Extracted data entries:
________________________

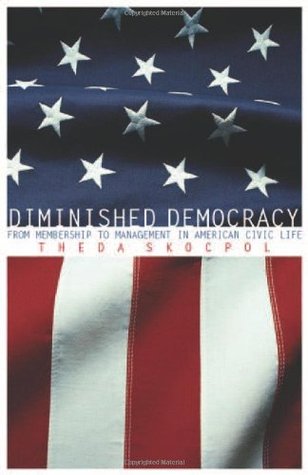 Diminished Democracy (The Julian J. Rothbaum Distinguished Lecture Series) (Volume 8)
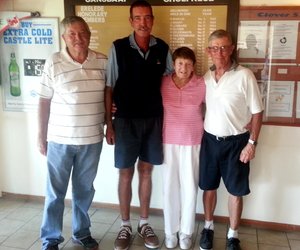 Gholfnuus (5 March 2015)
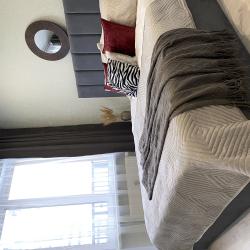 Фото Отель Просторная двухкомнатная квартира в ЖК Атамари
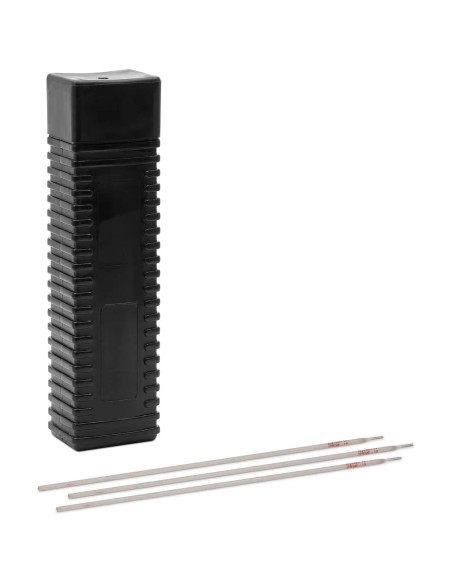 E316L-17 suvirinimo elektrodai, skirti AISI 316/ 317 plieno sk. 2,5 x 350mm - 5kg rinkinys
 
E316L-17 suvirinimo elektrodai, skirti AISI 316/ 317 plieno sk. 2,5 x 350mm - 5kg rinkinys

________________________

### The task
Nothing but the lines from the line containing "Gholfnuus (5 March 2015)" to the end of the records above should be repeated, exactly and with every picture omitted.

### Output for this exercise
 Gholfnuus (5 March 2015)
 Фото Отель Просторная двухкомнатная квартира в ЖК Атамари
 E316L-17 suvirinimo elektrodai, skirti AISI 316/ 317 plieno sk. 2,5 x 350mm - 5kg rinkinys
 
E316L-17 suvirinimo elektrodai, skirti AISI 316/ 317 plieno sk. 2,5 x 350mm - 5kg rinkinys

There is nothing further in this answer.